I have rcline set up as a system service, and plex in a docker. When I reboot, my plex docker loads before my drive mounts, so everything shows unavailable. Restarting plex fixes it, but is kind of a pain.
Wondering if anyone else found this, and has any solution?
What is your rclone version (output from rclone version)
Which OS you are using and how many bits (eg Windows 7, 64 bit)
Which cloud storage system are you using? (eg Google Drive)
The command you were trying to run (eg rclone copy /tmp remote:tmp)
Hi filthyrich, so currently I run both Plex and Rclone in Docker containers as well as a number of other pieces of software that utilise the mount, such as Radarr, Sonarr, Syncthing, Mylar and Calibre etc.
With this setup I am able to use bind propagation to set my rclone mount as shared and my Plex install as a slave.
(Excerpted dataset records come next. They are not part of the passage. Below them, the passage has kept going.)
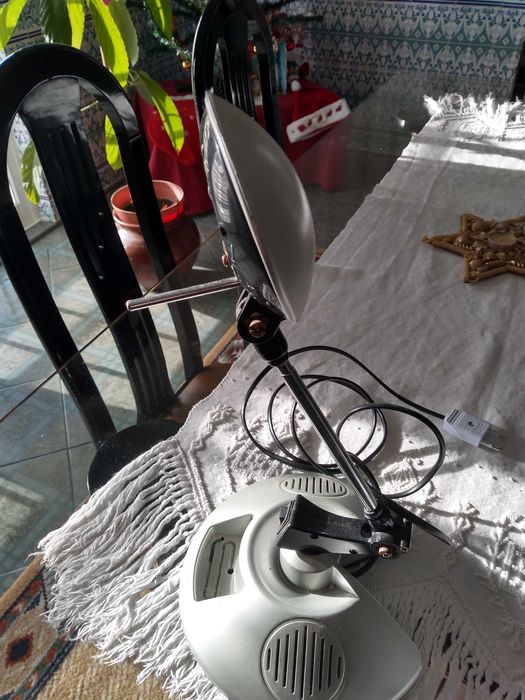 Candeeiro extensível de secretária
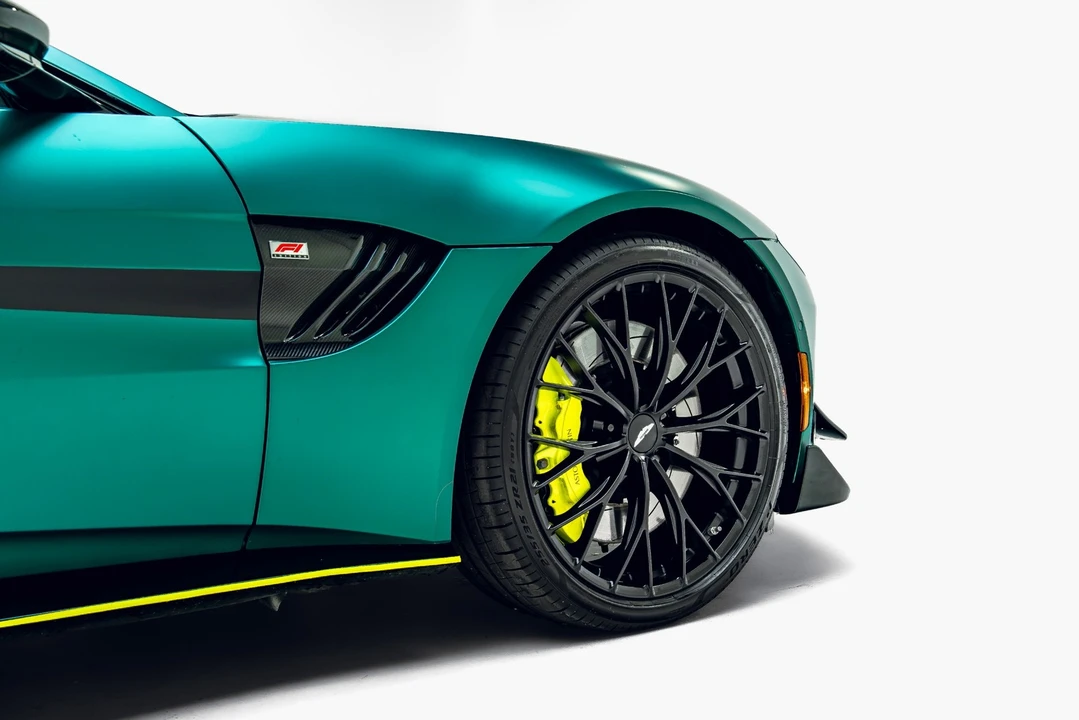 2023 Aston Martin V8 Vantage (2019+) - Image 13 of 31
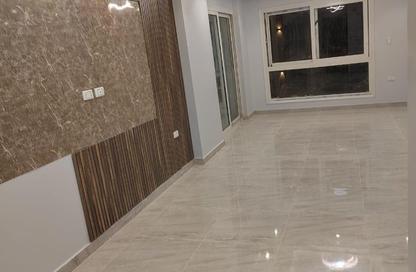 Apartment - 3 - 2 for sale in Mountain View iCity - 5th Settlement Compounds - The 5th Settlement - New Cairo City - Cairo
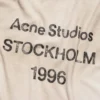 T-shirtar med sprayad logotyp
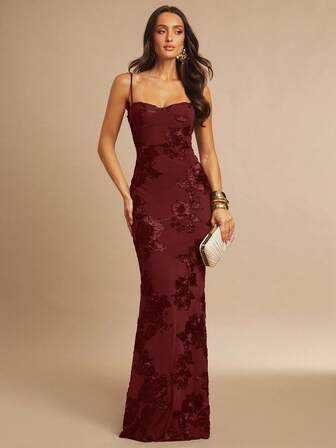 Silquee 3D立体花卉性感紧身吊带裙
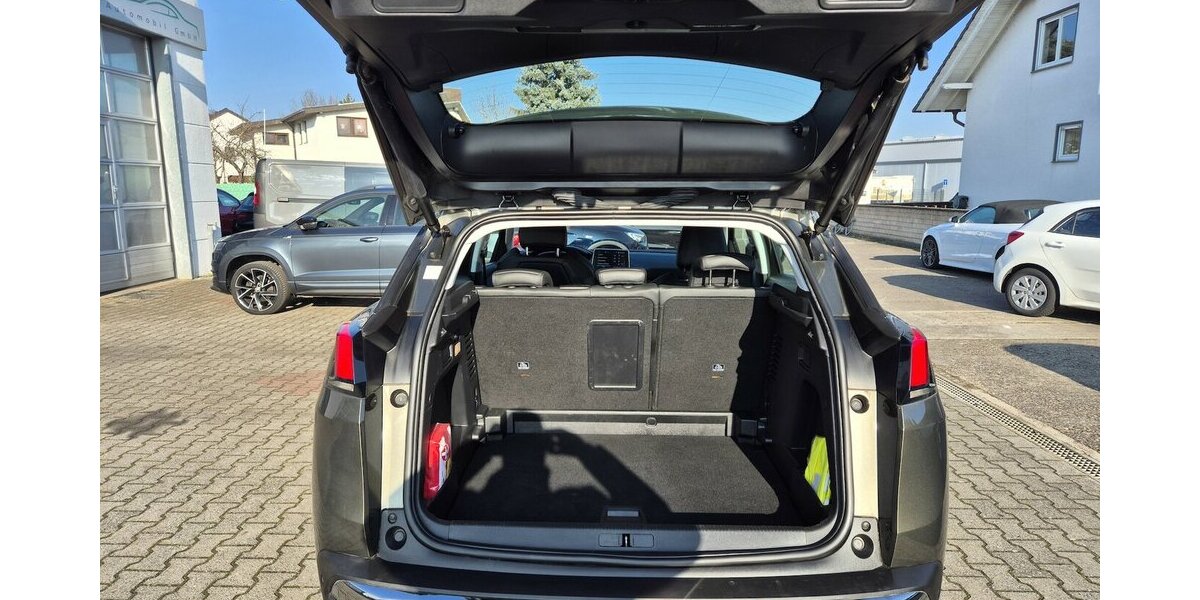 Peugeot 3008 Allure Navigation, Rückfahrkamera, Parktronic 62.052 km 14.890 &euro; Rodgau 63110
I believe this would solve your problem if you were happy to put your Plex install into a docker container.
In addition as none of this software is creating directories on the mount that shouldn't already be there I am using the --allow-non-empty command in my mount script. I understand this is frowned upon in general as it will overwrite anything in it's way, however in my case this is irrelevant as the directories that are getting created before the mount aren't supposed to exist outside of the mount. This means that if Plex or any other piece of software that is dependant on the mount being available first, does create a directory too quickly it is replaced by the correct directory when the Rclone mount is ready. For my set up I have found it necessary as both Syncthing and Calibre are creating directories they expect to find instead of waiting for the mount to create them.
Please the note the above is generally not advised as you are giving the rclone mount permission to overwrite anything in its way, therefore this introduces a risk of data loss, so I wouldn't use this unless absolutely necessary.
Happy to share my scripts if you are interested? I appreciate there are many ways to skin the proverbial cat however and I'm sure others will jump in with alternative suggestions to get your setup working.
So first off I don't personally use Compose for my docker setup. Although it would make my life easier, I've just not gotten around to setting it all up as I have 16 containers and it will take me a while, so my scripts are just basic docker commands. No reason you can't easily adapt them for compose though.
So here is my rclone script (This is the official rclone container)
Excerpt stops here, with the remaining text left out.